そんな楽しそうな声が飛び交う中、ルーナは一人、本を胸に抱えて廊下を歩いていた。


その時だった。


「ルーナ・フェルミア。」


低く落ち着いた声が廊下に響く。


ルーナは足を止めた。


前には一人の教師が立っている。


周囲の生徒たちも思わず視線を向けた。


教師は感情を見せることなく言う。


「校長室へ来なさい。」


「……はい。」


ルーナは小さくうなずいた。


教師はそのまま歩き出す。


ルーナは静かに後ろをついていった。


背中へ、小さな声が届く。


「また呼ばれてる。」


「今度は何したんだ?」


「昨日も夜に見かけたって聞いた。」


「ほんと問題児だよな。」


笑う者はいない。


けれど、その言葉は静かに胸へ刺さった。


ルーナは振り返らない。


歩幅も変えない。


ただ真っすぐ前だけを見て歩く。


夕日が長い廊下を赤く染めていた。


誰も口を開かないまま、二人は校長室の前へたどり着いた。


教師が扉を軽く叩く。


「失礼します。」


「入りなさい。」


返事とともに扉が開いた。



校長室は静かだった。


壁一面に並ぶ本棚。


古い地図。


歴代卒業生の写真。


窓から差し込む夕日だけが、部屋を淡く照らしている。


教師は一枚の報告書を机へ置いた。


「ルーナ・フェルミアです。」


校長は静かに書類を受け取った。


「内容は。」


「昨夜、立入禁止区域付近で本人を確認しました。」


教師は報告書へ目を落とす。


「学園規則により、減点十点を申請します。」


部屋に静寂が落ちる。


校長はゆっくりと書類へ目を通した。


紙には短く事実だけが記されている。


『夜間、立入禁止区域付近を徘徊』


それだけだった。


しばらくして校長は静かに口を開く。


「……分かった。」


教師は少しだけ眉をひそめた。


「校長。」


「この生徒は同様の処分を何度も受けています。」


「このままでは他の生徒への示しがつきません。」


校長は報告書を閉じる。


「規則は守る。」


「減点も、そのままでいい。」


教師は黙って聞いていた。


すると校長は続ける。


「だが。」


「必要以上に責めることはない。」


教師は一瞬言葉を失った。


「しかし——」


「これは私の判断だ。」


穏やかな声だった。


それでも反論を許さない重みがあった。


教師は深く頭を下げる。


「……承知しました。」


そう言って部屋を出ていく。


扉が閉まる音だけが静かに響いた。



校長室にはルーナと校長だけが残った。


長い沈黙。


時計の針だけが時を刻んでいる。


校長は窓の外を眺めたまま尋ねた。


「怪我はないか。

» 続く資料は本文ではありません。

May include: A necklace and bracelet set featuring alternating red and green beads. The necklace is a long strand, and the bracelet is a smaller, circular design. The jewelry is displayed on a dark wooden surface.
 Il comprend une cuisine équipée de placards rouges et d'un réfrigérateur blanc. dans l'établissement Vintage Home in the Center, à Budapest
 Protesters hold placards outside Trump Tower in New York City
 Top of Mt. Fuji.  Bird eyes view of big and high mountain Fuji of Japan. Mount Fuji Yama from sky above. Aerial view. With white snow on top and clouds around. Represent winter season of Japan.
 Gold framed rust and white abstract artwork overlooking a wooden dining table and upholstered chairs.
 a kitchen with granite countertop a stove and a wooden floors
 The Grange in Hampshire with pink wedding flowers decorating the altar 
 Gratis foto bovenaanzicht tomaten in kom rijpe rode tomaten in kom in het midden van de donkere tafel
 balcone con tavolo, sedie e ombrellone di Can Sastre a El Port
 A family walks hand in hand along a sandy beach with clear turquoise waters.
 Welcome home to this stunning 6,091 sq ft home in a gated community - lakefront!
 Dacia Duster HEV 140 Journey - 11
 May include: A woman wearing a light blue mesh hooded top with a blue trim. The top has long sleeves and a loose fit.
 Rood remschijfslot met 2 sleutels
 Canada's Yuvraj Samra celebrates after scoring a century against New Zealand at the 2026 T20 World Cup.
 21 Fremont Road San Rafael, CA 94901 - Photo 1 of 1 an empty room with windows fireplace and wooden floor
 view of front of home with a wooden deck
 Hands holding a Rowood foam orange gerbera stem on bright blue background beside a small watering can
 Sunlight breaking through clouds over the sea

」


「ありません。」


「寒かっただろう。」


「……大丈夫です。」


校長は小さくうなずいた。


それ以上は何も聞かない。


なぜ夜の校舎へ向かったのか。


何をしていたのか。


その理由には触れなかった。


ルーナも何も語らない。


二人の間には、不思議と居心地の悪い沈黙はなかった。


やがて校長は小さく息をつく。


「寮へ戻りなさい。」


「はい。」


ルーナは静かに頭を下げ、部屋を後にした。



廊下には夕焼けが差し込んでいた。


赤く染まった窓ガラスの向こうで、小さな白い雪が舞い始めている。


歩いていく生徒たちの笑い声が遠くから聞こえた。


ルーナは一人、その流れとは反対の方へ歩く。


ふと足を止めた。


ゆっくりと見上げる。


校舎の最上階。


誰も近づかない廊下。


立入禁止と刻まれた、あの木の扉。


ルーナはしばらくそこを見つめていた。


やがて小さく目を伏せる。


「……今日も、大丈夫。」


誰にも聞こえないほど小さな声だった。


そして何事もなかったように歩き出し、静かな夕暮れの中へ溶けていった。